JJ YELEY, NO. 36 TOMMY BALDWIN RACING CHEVROLET SS – 26th IN STANDINGS:
“We are looking forward to a great weekend of short track racing at Martinsville Speedway. It’s great to have the United Mining Equipment back on board the No. 36 Chevy and hope to give them a good show this weekend along with a solid finish.”
DAVE BLANEY, NO. 7 SANY AMERICA CHEVROLET SS – 28th IN STANDINGS:
“Coming off the weekend with no racing was great for the entire TBR team. We were able to focus on the racecar and get ready for some short track racing. It’s all about brakes at a place like Martinsville and hanging in there until the end. Hopefully this no. 7 SANY America Chevy SS will have a great finish and avoid accidents that the track is notorious for.”
DANICA PATRICK, NO. 10 GODADDAY.COM CHEVROLET SS – 29th IN STANDINGS:
“I am actually really excited about Martinsville.
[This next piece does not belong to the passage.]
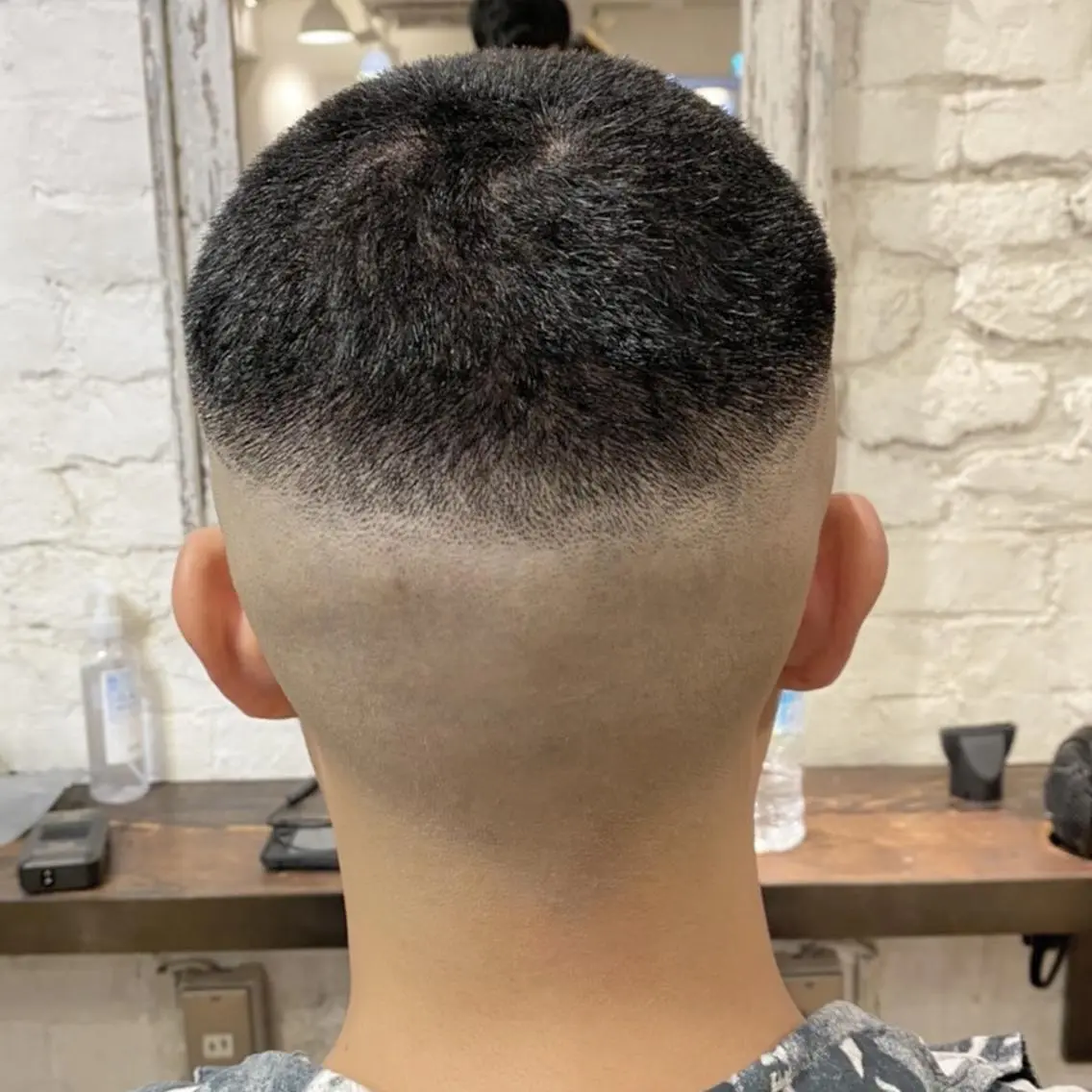 ショート メンズ カット メンズ/フェード/ バーバー/盛山大地のヘアスタイル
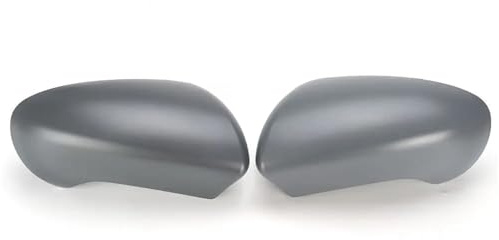 Carcasa Espejo 2 Unidades De Cubiertas Espejos Retrovisores Laterales Para Nissan Para Qashqai 2007-2014 Moldura Exterior Puerta Trasera Repuesto Tapa Espejo Retrovisor(Gris)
I like the little short tracks they are fun. We are going to be close racing a lot of the time. We went testing out at Little Rock and got a feel for a track like Martinsville. I thought we actually made some really big gains that day. It was fun. Is there time to look down at your water and oil temperatures? No, there is not. I think it will be fun and I had no idea that a woman had not competed at Martinsville (in Sprint Cup), but I guess these are things I will find out along the way.”
JUAN PABLO MONTOYA, NO. 42 TARGET CHEVROLET SS – 30th IN STANDINGS:
“Martinsville is hard because it’s always a tough balance between how much the car turns through the center of the corner and how much traction you’ve got off the corner. If you can have a car that turns well and puts the power down good you can have a chance of winning. You also have a lot of braking so you have to make sure you don’t use up your brakes early on. I’m use to that from the open-wheel side so I think that’s one of the reasons why I really enjoy racing there. Our Target team usually does really well at Martinsville.”